The palace intrigue spilled into public with a vulgarity-laced rant by Anthony Scaramucci, the new White House communications director, who called Mr. Priebus a “paranoid schizophrenic” and vowed to take him down. While aides fought with one another, Mr. Trump’s signature promise to repeal and replace President Barack Obama’s health care program went down in flames.

“Anyone in a position of responsibility in G.O.P. politics is quickly losing patience with President Trump,” said Alex Conant, a Republican strategist and former adviser to Senator Marco Rubio of Florida. “The dysfunction is beyond strange — it’s dangerous.

“If Trump’s poll numbers were above 50 percent,” Mr. Conant continued, “health care reform would have passed. Instead, he’s spent more time responding to cable TV chatter than rallying support for his agenda.”

Presidential historians found it hard to recall precedents for the combination of internal warfare and external legislative troubles. Jeffrey A. Engel, the director of the Center for Presidential History at Southern Methodist University, said the best examples were John Tyler and Andrew Johnson in the 19th century. Both men were serving as vice president when their bosses died in office, each during a time of great turmoil in his political party.

“In either case, we are forced to go well back over a century in the past to find an administration in such an open state of infighting coupled with legislative disarray,” he said.

Presidents can recover from a difficult first six months, as Bill Clinton did, Mr. Engel said. “But certainly, like both Tyler and Andrew Johnson, we see today a president at war with his own party, and that to my mind never turns out well,” he said.

The repeated defiance of Mr. Trump this past week indicated diminishing forbearance. Attorney General Jeff Sessions, publicly derided by Mr. Trump as “VERY weak,” refused to resign under pressure.
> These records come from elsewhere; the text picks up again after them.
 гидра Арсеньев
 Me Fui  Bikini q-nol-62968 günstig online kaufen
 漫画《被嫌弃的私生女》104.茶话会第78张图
Senate Republicans forced the president to back off his threats by warning that they would block any effort to replace Mr. Sessions, either during their recess or through the confirmation process.

The House and Senate Intelligence Committees, both led by Republicans, summoned Jared Kushner, the president’s son-in-law and senior adviser, to Capitol Hill to explain his contacts with Russia during and after last year’s campaign. With near-unanimous, veto-proof bipartisan majorities, Congress passed legislation curtailing Mr. Trump’s power to lift sanctions against Russia, a measure the president had to swallow and agree to sign.

After Mr. Trump abruptly wrote on Twitter that he was barring transgender people from the military, the chairman of the Joint Chiefs of Staff declared that the policy would not change unless the president gave a proper order. The Boy Scouts of America condemned Mr. Trump’s speech to its national jamboree as overly political and apologized to scouts, while some police organizations repudiated his call to be rougher on suspects.

And a Republican senator, John McCain, repaid Mr. Trump’s 2015 insult to his war service by torpedoing the president’s health care agenda with a dramatic middle-of-the-night thumbs down vote on the Senate floor.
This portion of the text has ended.